LAKE FOREST, Ill. — Despite almost half of U.S. consumers (49%) believing their security habits make them vulnerable to information fraud or identity theft, 51% admit to reusing passwords and PINs across multiple accounts such as email, computer logins, phone passcodes, and bank accounts. That is according to Shred-it’s Consumer Fraud Awareness Survey, which was conducted to expose consumer concerns, habits and knowledge of information security and fraud ahead of International Fraud Awareness Week, which begins Nov. 11.
Consumers are not only putting their digital security at risk, but their habits toward physical information security also make them vulnerable to fraud or identity theft, analysts said. While nearly two in 10 consumers (17%) are concerned that they could fall victim to a physical security breach, nearly three in 10 consumers (27%) admit they do not shred paper or physical documents containing sensitive information before throwing them away.

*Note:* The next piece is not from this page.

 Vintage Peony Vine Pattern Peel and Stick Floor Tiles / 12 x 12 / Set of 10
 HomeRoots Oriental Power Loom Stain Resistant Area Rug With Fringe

“The Consumer Fraud Awareness Survey demonstrates how today’s consumers are becoming increasingly vulnerable to fraud or identity theft due to lax information security habits,” said Monu Kalsi, vice president of Shred-it. “With International Fraud Awareness Week on the horizon, this is an excellent time for information security leaders to share critical tips and advice with consumers on how they can improve their security habits to ensure they’re better protected from a data breach.”

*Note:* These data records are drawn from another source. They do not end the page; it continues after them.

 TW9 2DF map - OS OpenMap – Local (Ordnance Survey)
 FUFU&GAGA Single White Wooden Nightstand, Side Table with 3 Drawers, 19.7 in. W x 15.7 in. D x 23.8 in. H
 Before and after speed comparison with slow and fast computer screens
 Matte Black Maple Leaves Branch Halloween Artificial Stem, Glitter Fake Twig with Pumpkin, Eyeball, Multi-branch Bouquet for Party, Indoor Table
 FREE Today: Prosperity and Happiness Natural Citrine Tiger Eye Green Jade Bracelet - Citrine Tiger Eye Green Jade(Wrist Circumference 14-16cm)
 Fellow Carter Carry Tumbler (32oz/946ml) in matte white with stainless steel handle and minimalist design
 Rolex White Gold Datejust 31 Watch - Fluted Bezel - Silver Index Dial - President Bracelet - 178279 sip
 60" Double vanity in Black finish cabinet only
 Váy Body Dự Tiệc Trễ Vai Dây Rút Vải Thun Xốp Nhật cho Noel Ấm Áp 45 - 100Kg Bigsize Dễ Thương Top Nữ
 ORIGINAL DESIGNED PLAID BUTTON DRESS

Although consumers may be inadvertently putting their own information security at risk, the study also found they don’t trust companies to keep their personal information safe. Forty-three percent of consumers believe the personal information they share with brands and companies today could be vulnerable to a security breach. With that, 40% say they would stop doing business with a brand or company if they previously suffered a security breach.

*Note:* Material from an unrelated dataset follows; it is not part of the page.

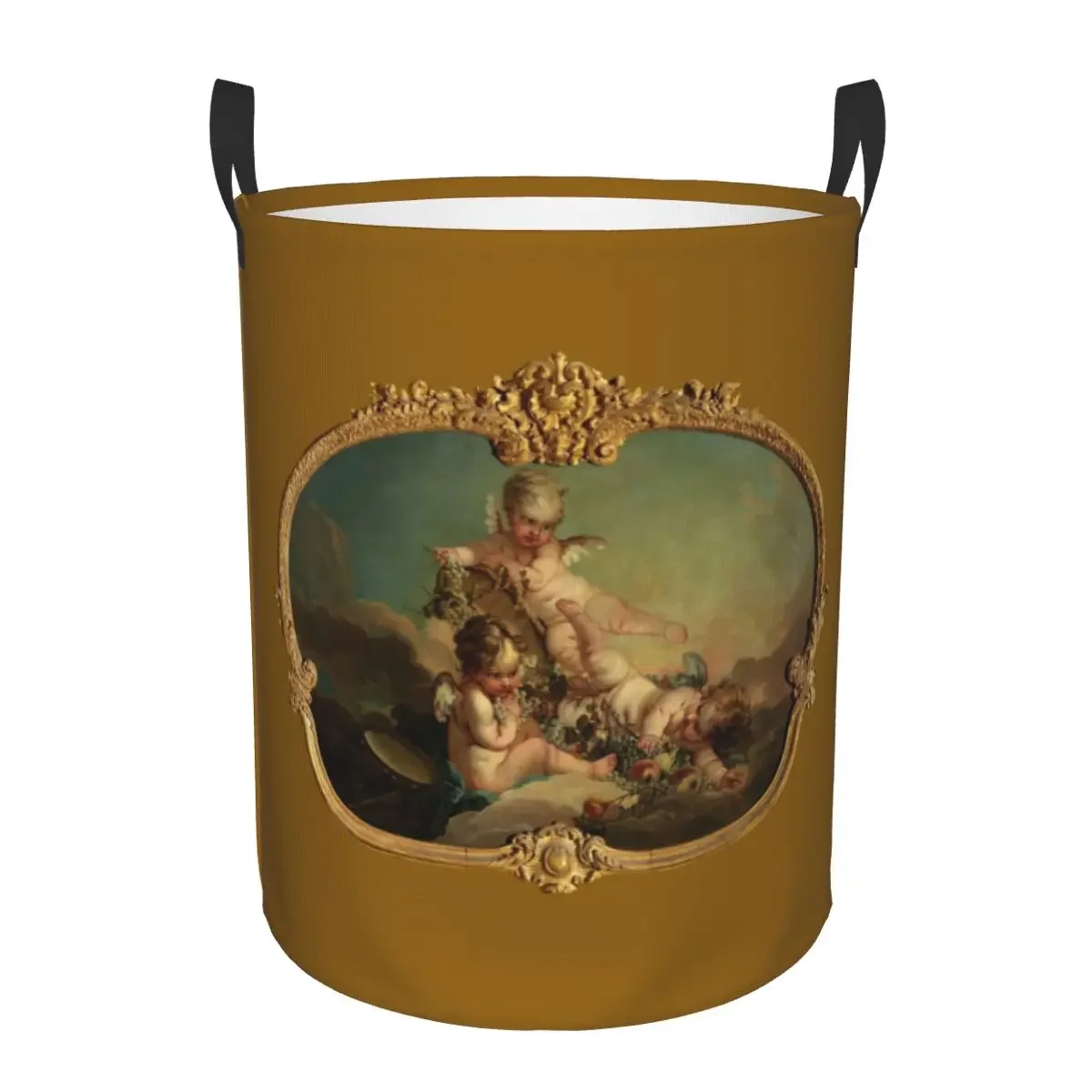 Custom Autumn Allegory Collapsible Laundry Hamper - Rococo Boucher-Style Storage Bin for Kids Nursery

Additional findings from the survey include:
- More than one-third of consumers (39%) have been a victim of fraud or identity theft.
- Nearly three in 10 consumers (27%) admit that they do not know how to find out if they’ve become a victim of fraud or identity theft.
- When asked how they found out they were a victim of fraud, 33% found out by monitoring their own accounts for suspicious activity, 29% were alerted by a business about a security breach of their information, and 24% discovered it by accident.
- One in five consumers (20%) admit that if they became a victim of fraud, they would not know how to report and remediate it.
- Nearly 30% of consumers store paper documents containing sensitive, personal information in a box, desk drawer or unlocked cabinet at home or work.
- When it comes tax documents such as W2 and 1099 forms, consumers aren’t storing the documents for the recommended period of time before disposing of them. While 31% of consumers keep tax documents for seven years or more before disposing of them, 26% keep them for one to three years, 21% keep them for four to seven years and 13% keep them for less than one year.
- Baby boomers have some of the safest information security habits, despite stereotypes suggesting otherwise. Baby boomers (47%) are the least likely to reuse passwords or PINs across multiple accounts, compared to millennials (55%) and Gen Zs (61%).
- More than nine in 10 (91%) baby boomers closely monitor their financial account activity such as bank statements, credit reports, and credit card statements each week, compared to millennials (85%) and Gen Zs (86%).